Anche per Fini il fantastico si nutre di istinti animali, ma sembra afferire a «un mondo tutto suo», a una continua emersione dell’onirico che si manifesta «nel gioco ironico e bizzarro tra animale e uomo, zoomorfismo e antropomorfismo, innocenza o spontaneità rousseauniana propria dello stato naturale e barbarie della civiltà o dell’inconscio». Per lei, come per Carrington, «”abbassarsi” all’animalità significa riscoprire l’istintualità belluina, le sensazioni primarie, le percezioni libere dall’associazione ai processi mentali, per “elevarsi”alla conoscenza come consapevolezza di sé e del mondo».
Nelle loro opere, del resto, il dialogo continuo tra spazi esterni ed interni rinvia a tali stati emozionali più o meno manifesti, e spesso nel luogo chiuso, in una stanza, la camera o la cucina come spazio privato, si condensano ansie e passioni che si rendono manifeste attraverso gli universi dell’immaginario. Ogni ambiente dipinto nell’opera di ciascuna si propone come frontiera, che invita al passaggio continuo tra reale e immaginario, tra visione e visionario. Nell’estate del 1939 Leonor Fini realizza l’olio The Alcove: An interior with three Figure, dove rappresenta l’amica sulla soglia di un’alcova abitata da due figure in posa di lascivo abbandono.
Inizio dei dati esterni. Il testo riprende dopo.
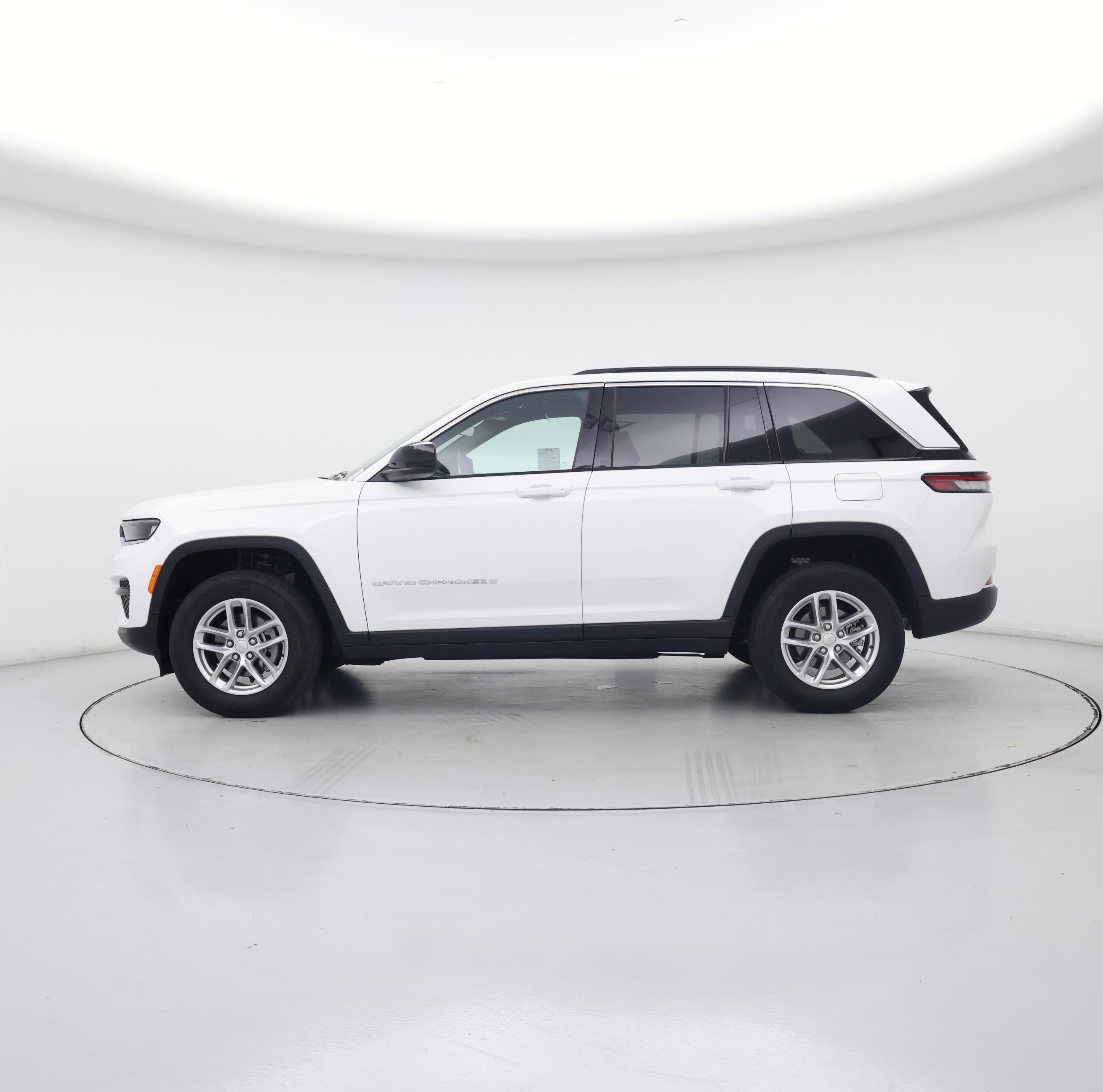 Thumbnail: 2025 Jeep Grand Cherokee - 3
L’artista inglese, che secondo la definizione della stessa Fini era una “vera rivoluzionaria” sovrasta la scena vestita da guerriera, restituendo l’immagine di un femminile imperioso e pensoso. Quest’immagine risale al periodo vissuto da Carrington a Saint Martin d’Ardèche insieme a Max Ernst, prima del doloroso periodo che la condusse al sanatorio spagnolo e prima della sua partenza verso il Messico.

La loro unione – affettiva, emotiva, artistica – è il segno tangibile di una comunanza di intenti che si nutre, contro ogni pregiudizio, dell’incontro tra anime femminili, non a caso trasposte – con tutta la loro forza – in opere che attingono da questo sguardo controcorrente, che lavora, come già in Remedios Varo, a partire dai desideri inconsci, dalla capacità di rendere visibile l’invisibile.
Le figure di Fini e Carrington hanno uno sguardo che trapassa e seduce, lo stesso che dalle sibille si incardinerà in una lunga tradizione che passa per le streghe e le donne-fatali: esseri altri, spaventosi perché capaci di diffrangere il reale.


Bibliografia 

Daniela Barcella, Incantatrici allo specchio. Dal Surrealismo magico alla contemporaneità, in Le incantatrici, a cura di Francesca Pagan, “Elphant&Castle”, luglio 2013.

Giulia Ingarao, The Alcove: an interior with three figures. Leonora Carrington, Max Ernst e Leonor Fini – Saint Martin d’Ardèche 1938/1940, in Predella Journal, 2018.

E. Pellegrini, In maschera ovvero il festival dell’io di Leonor Fini, in M. Masau Dan (a cura di), Leonor Fini: L’italienne de Paris, Trieste, Museo Civico Revoltella, Comune di Trieste, 2009.

A. Scappini, Il paesaggio totemico. Tra reale e immaginario nell’universo femminile di Leonora Carrington, Leonor Fini, Kay Sage, Dorothea Tanning, Remedios Varo, Milano, Mimesis, 2017.